Malcolm Turnbull: Paris atrocities were ‘an attack on all humanity’

He said Australian national security policy would not be dictated by terrorists.

“The attack in Paris was an attack on all humanity,” Turnbull said. “We are in a common cause and we have a single common purpose: to defend our values and our way of life, and to defeat these terrorists and their assault upon us.

“To the Australian people, I can say this: we are a strong nation. We are a united nation. We are the most successful multicultural nation in the world. And we are so because of being united in defence of our values.”

The prime minister said actions in Iraq and Syria had showed Isis wanted to establish a “a religious tyranny” that was contrary to the precepts of Islam.

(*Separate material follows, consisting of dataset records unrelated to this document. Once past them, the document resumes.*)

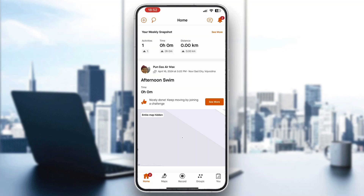That is basically it — that's how to fix GPS issues on Strava. I hope this video was helpful. If it was, make sure to leave a like and subscribe to the channel. Thanks for watching, take care, and bye.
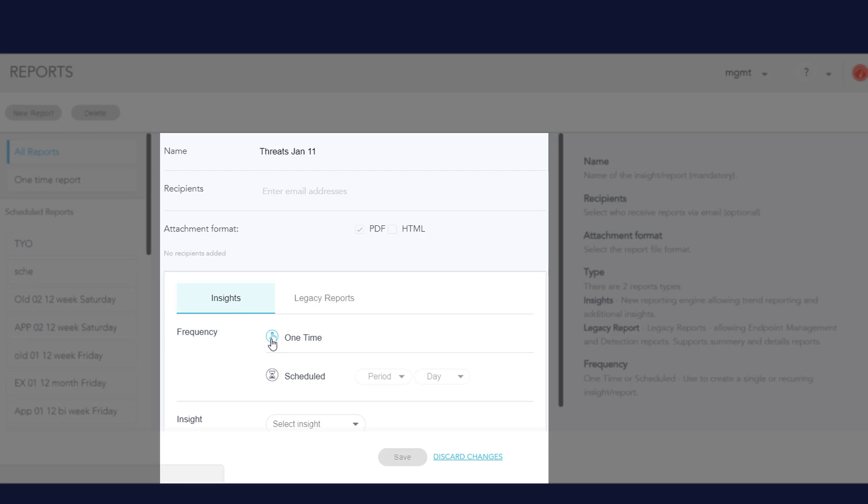I can click Scheduled to create a report on a regular basis. If I select weekly and Monday, then the report will be generated on the next Monday, and every Monday afterwards.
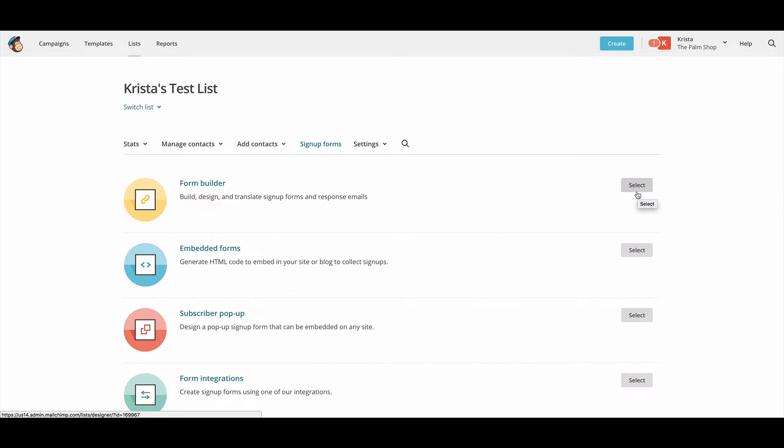And MailChimp has a really great help resource center, so if you need to learn more about actually how to build the form, you can head over there. For the sake of keeping this demonstration short, I'm going to show you just how to embed the form.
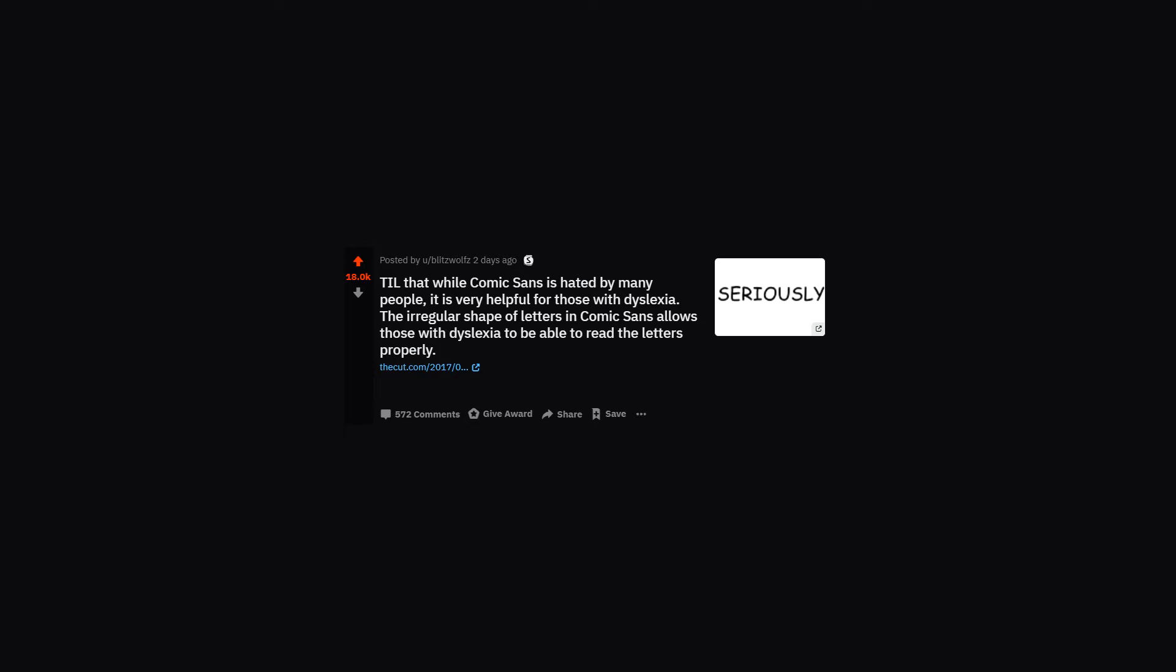TIL that while Comic Sans is hated by many people, it is very helpful for those with dyslexia. The irregular shape of letters in Comic Sans allows those with dyslexia to be able to read the letters properly.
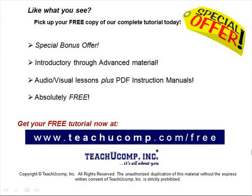Like what you see? Pick up your free copy of the complete tutorial at www.teachucomp.com/free.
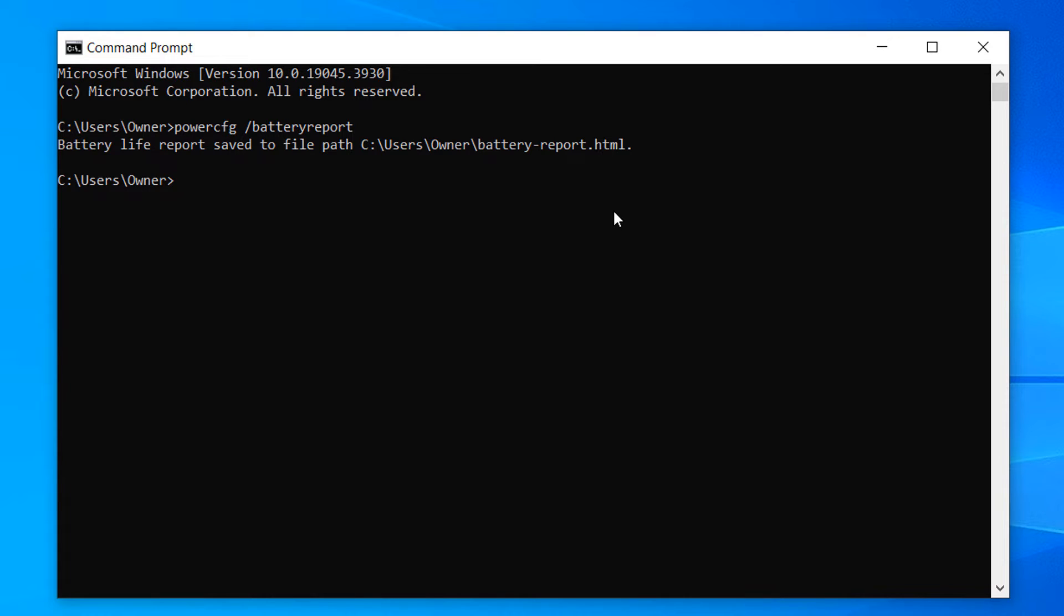A confirmation message will be displayed, confirming that the report has been generated, and the file path where the report is located will be displayed.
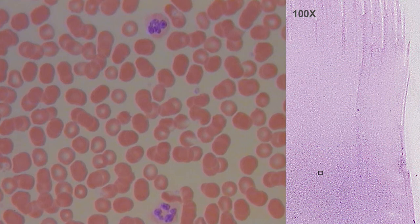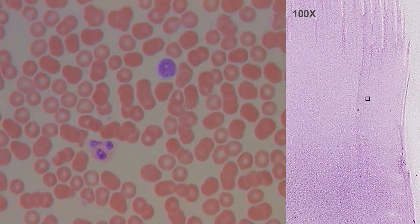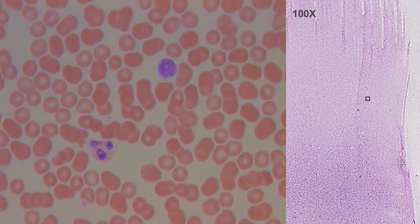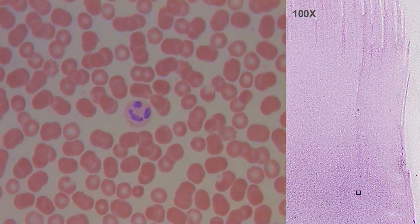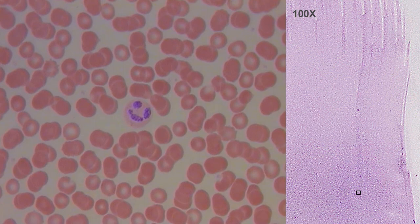With the 100-fold magnification objective, the previously described cellular types can be observed in more detail.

“As the president of Indonesia was saying to me only a few days ago, one that is at odds, completely contrary, to the precepts of Islam that his countrymen and women practise,” said Turnbull.

“As President Widodo said, these terrorists commit a double crime. They are murderers. They are mass murderers. They are barbarians but at the same time, they also defame religion. They defame, they blaspheme, they defame Islam.”

In his own interview, Tony Abbott defended the government’s intake of 12,000 Syrian refugees under questioning from Bolt, who asked why half were Muslim.

Abbott rebuked him for “rushing to judge” the Turnbull government on the first four families who have arrived.

“There are a whole range of persecuted minorities in Syria and elsewhere in the Middle East,” Abbott said.

“Yes, there are Christians. But yes, in some instances, it’s Kurds, who are Muslims. It’s Zoroastrians, it’s Yazidis, it’s Jews.

“The point is that we want to take people who have no realistic prospect of peacefully resettling in these parts of the Middle East and obviously what we want to do as a general matter of principle is bring people to Australia who are prepared to join our team.”

Abbott also defended his decision to drop plans to weaken section 18C of the Racial Discrimination Act, which his government justified on the grounds they had to work with ethnic communities due to the terror threat.

“When it comes to section 18C, I made the decision that there was some forms of speech in this country that I don’t want to see at all. I don’t want to see the hate preachers at work. I don’t want to see the advocacy of genocide.”

Bill Shorten condemned the Paris attacks and offered Malcolm Turnbull and the Coalition Labor’s ongoing support on national security.

While not rejecting Turnbull’s suggestion that Australia could send peacekeeping troops to Syria, the opposition leader said a peace plan was required before any troops could be sent.

“I think we would need to have a peace plan and peace deal before you can send peacekeepers. It may be premature to conjecture about that until there is a peace arrangement.”

He urged people not to condemn all refugees for the actions of a few after reports emerged that one of the attackers may have carried a passport used to enter Europe via Greece as a refugee from Syria.

“What I don’t want to do is tar all refugees with the same brush,” Shorten said.

“It is important we have security screening, absolutely ... I don’t believe all refugees should be condemned for the actions of one or two, though.”

Shorten was expecting a briefing on the Paris attacks on Sunday. Regarding Australian terror alert levels, he said he would be guided by advice from security agencies.